DavidWarrenOnline
NEWSPAPER COLUMNS

COMMENTARY
September 6, 2006
Pretending hard
Pakistan’s president, Gen. Pervez Musharraf, has done something outwardly like the British imperialists before him, in negotiating a form of peace with the tribal elders of north and south Waziristan -- two of the many districts in Pakistan’s perpetually lawless North-West Frontier. Having tried bombing and strafing them into submission, he now agrees that the national government and military will mostly retreat to the border posts. In return, the elders undertake to stop sheltering and assisting the foreign-born jihadis, who use the districts as extra-territorial retreats for their frequent incursions into Afghanistan.

Gen. Musharraf will be in Kabul today, explaining this agreement to Hamid Karzai, the Afghan president. The legitimately-elected Afghan government has lodged one complaint after another about Pakistan’s porous borders, and the welcome jihadis raiding into Afghanistan enjoy on the other side. It has expressed alarm, repeatedly, about the proliferation of fanatic indoctrination, throughout the North-West Frontier and Pakistani Baluchistan, that is turning these regions into little Talibanistans. The Waziri districts are only a small part of the whole.

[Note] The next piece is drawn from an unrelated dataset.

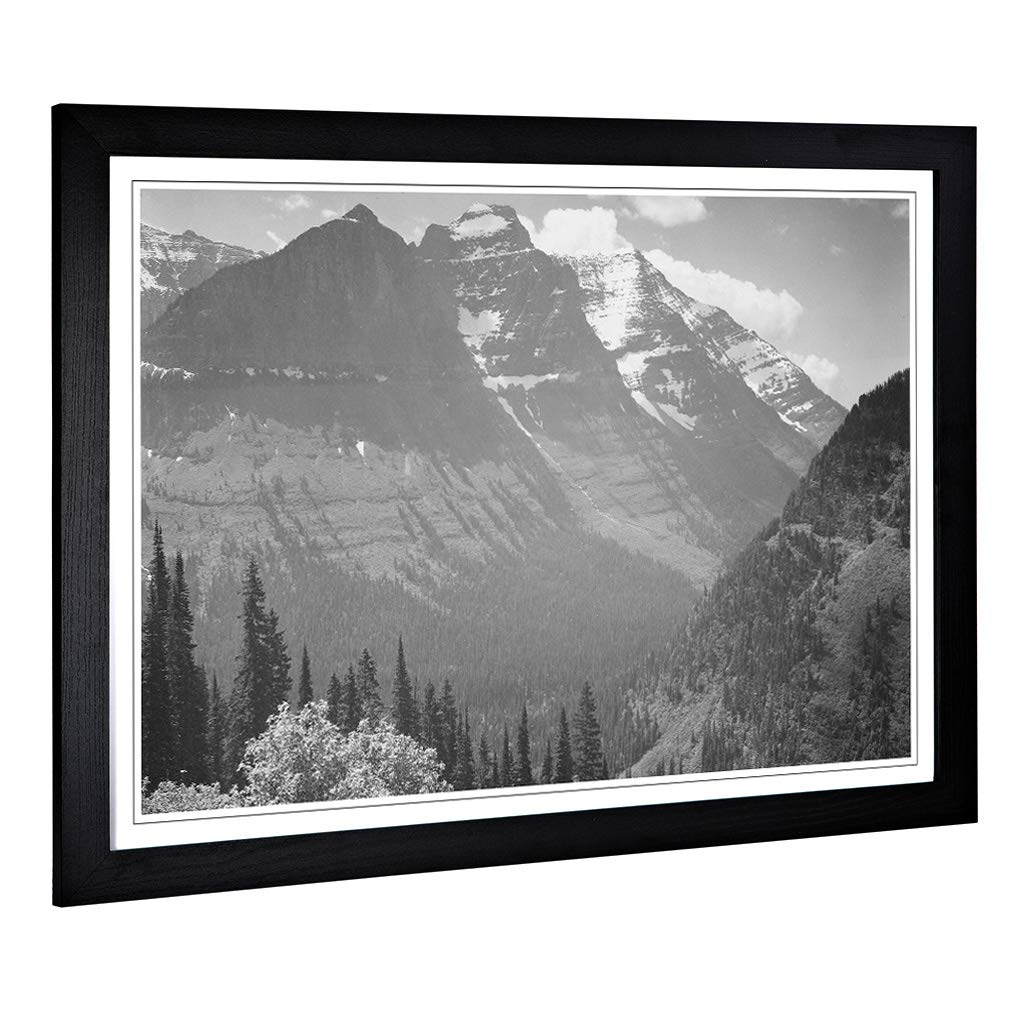 Big Box Art Framed Print of Ansel Adams Glacier National Park Montana 2 Design | Wall Art Picture | Home Decor for Kitchen, Living Room, Bedroom, Hallway, Black, A2 / 24.5x18 Inch / 62x45cm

A distinction is worth calling attention to, here. President Musharraf was negotiating with Waziri tribal elders. He did not reduce himself to formally negotiating with Taliban and Al Qaeda directly. NDP leader Jack Layton, and Liberal opposition critic Ujjal Dosanjh to the contrary, one does not negotiate with terrorist forces that, among many other routine atrocities, shoot little girls for the crime of going to school. For that matter, decent men in their political positions do not undercut our Canadian soldiers, risking their lives in the field to destroy this monstrous enemy, by suggesting such things. Much can be said against Gen. Musharraf’s hypocrisies and double-dealings (most of which are necessary to his own political and physical survival), but he is not as low as Messrs Layton or Dosanjh. For they would have to enlist in the Taliban itself, to sink any lower.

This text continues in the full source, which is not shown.